In conclusion, our study shows that admission anaemia occurs in about one‐fifth of patients with CVT and that anaemia is an independent predictor of poor clinical outcome in these patients. Whether a causal relationship underlies this association and whether increasing haemoglobin levels improve clinical outcome require further study.

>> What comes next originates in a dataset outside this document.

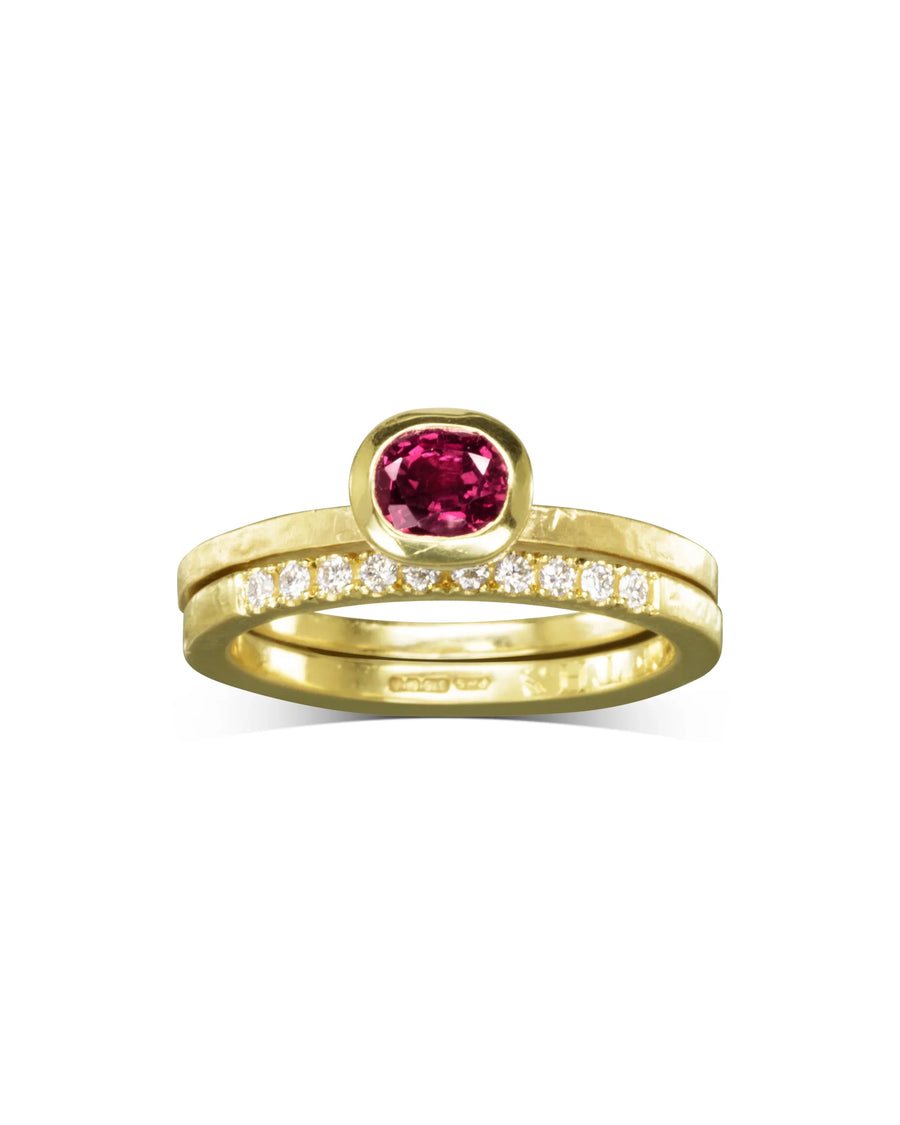 Handmade gold ring set with ruby centre stone and diamond band, featuring organic textures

Disclosure of conflicts of interest

J.P. reports personal fees from Boehringer‐Ingelheim during the conduct of the study. T.T. reports grants from Helsinki University Central Hospital, grants from University of Gothenburg, grants from Sahlgrenska University Hospital, during the conduct of the study; grants and personal fees from Boehringer Ingelheim, personal fees from Lumosa Pharm, grants and personal fees from Bayer, personal fees from BMS, outside the submitted work. In addition, T.T. has a patent use of a mast cell activation or degranulation blocking agent in the manufacture of a medicament for the treatment of a patient subjected to thrombolyses. Patent no: US8163734. Filed: 13 February 2004. Issued: 24 April 2012. J.M.C. has received research grants for CVT from two non‐profit organizations, i.e. the Dutch Thrombosis Society and the Netherlands Brain Foundation, and reports fees from Boehringer Ingelheim and Bayer. All fees were paid to the institute and used to fund scientific research. The other authors declare no financial or other conflicts of interest.

Acknowledgement

This paper was not supported by any funding.